Le droit à la remorque du progrès

Intelligence artificielle

À l’instar de l’Union européenne et d’autres états, le gouvernement canadien a présenté le 16 juin 2022 un projet de loi pour encadrer l’utilisation de l’intelligence artificielle (ci-après l’« IA »), soit le projet de loi C-27 ou la Loi de 2022 sur la mise en œuvre de la Charte du numérique[1]. Deux ans plus tard, ce projet de loi demeure toujours au stade de l’examen en comité. En effet, le Comité permanent de l’industrie et de la technologie (ci-après le « Comité ») s’est réuni une trentaine de fois et poursuit toujours son étude du projet, article par article. À l’heure actuelle, le Comité est rendu à l’article 2… Si tous s’entendent sur le besoin d’une loi quelconque pour encadrer l’utilisation de l’IA, certains diront que les membres du Comité s’acharnent à ralentir le processus parlementaire tandis que d’autres diront que ce texte législatif comporte trop d’amendements et que sa rédaction est déficiente.

Depuis le début, les critiques fusent de toutes parts. Une première version du projet de loi avait été rédigée d’une façon délibérément vague pour permettre de s’adapter aux innovations futures. Plusieurs points étaient délégués à des règlements à venir. Par conséquent, des experts se sont inquiétés du risque que cela pouvait poser tant à l’industrie qu’aux citoyens[2]. Le ministre a donc présenté des amendements, notamment, pour définir certaines catégories d’IA à « incidence élevée » et préciser les pénalités applicables. Ce sont justement ces catégories d’IA à incidence élevée que le gouvernement cherche à encadrer.

La législation de l’Union européenne sur le sujet cible également les systèmes d’IA à haut risque. Par contre, elle contient une définition nettement plus exhaustive que la loi canadienne. De plus, la législation européenne interdit complètement l’utilisation de l’IA dans certains contextes, comme la surveillance et la notation des citoyens. Le projet de loi canadien manque-t-il d’ambition ? Peut-on dire que cette rédaction plus vague rend ce projet de loi plus flexible et capable de s’adapter aux inévitables progrès technologiques que la législation européenne ? Les avis sont partagés[3].

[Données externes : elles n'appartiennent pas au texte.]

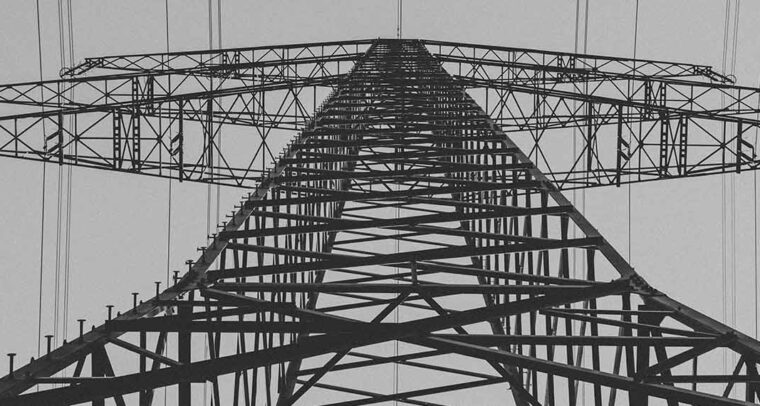 Electrical transmission tower from low angle. Geopolitics of the global energy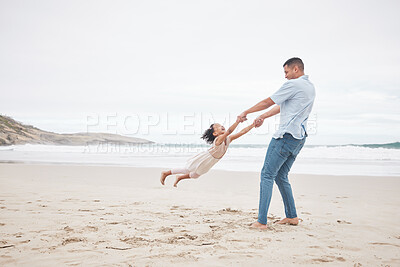 Buy stock photo Swinging, happy and a father and child at the beach for fun, bonding and love in summer for vacation. Playful, laughing and a young dad spinning a girl kid at the ocean for freedom and love together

Il demeure que l’utilisation de l’IA soulève déjà plusieurs controverses, comme la discrimination dans les logiciels d’embauche, la propagation de la désinformation, la création de fausses images, etc. La situation est loin d’être hypothétique ! D’un côté, il est important d’encadrer l’utilisation de l’IA, mais, d’autre part, il faut aussi éviter de freiner l’innovation. L’équilibre semble difficile à trouver et le gouvernement fédéral a déclaré que le projet de loi n’entrera pas en vigueur avant 2025. Pendant ce temps, les progrès technologiques, eux, ne s’arrêteront sûrement pas. Le temps presse et, comme le dirait le vieux lion, « Mieux vaut prendre le changement par la main avant qu’il ne nous prenne par la gorge »[4].


[1] Projet de loi C-27, Loi édictant la Loi sur la protection de la vie privée des consommateurs, la Loi sur le Tribunal de la protection des renseignements personnels et des données et la Loi sur l’intelligence artificielle et les données apportant des modifications corrélatives et connexes à d’autres lois, 44e lég. (Can.), 1re sess., 2022. Titre abrégé : Loi de 2022 sur la mise en œuvre de la Charte du numérique.

[2] Yanick LEPAGE, « Pendant que l’IA avance, l’encadrement continue de se faire attendre », Radio-Canada, en ligne : https://ici.radio-canada.ca/nouvelle/2080787/intelligence-artificielle-loi-canada-c27.

[3] Alban NORMANDIN, « Ottawa fait-il fausse route avec sa loi sur l’IA ? », Radio-Canada, en ligne : https://ici.radio-canada.ca/nouvelle/2016405/ottawa-intelligence-artificielle-loi#:~:text=Qu’est%2Dce%20que%20la,des%20donn%C3%A9es%20personnelles%20des%20Canadiens.

[4] Citation attribuée à Winston Churchill.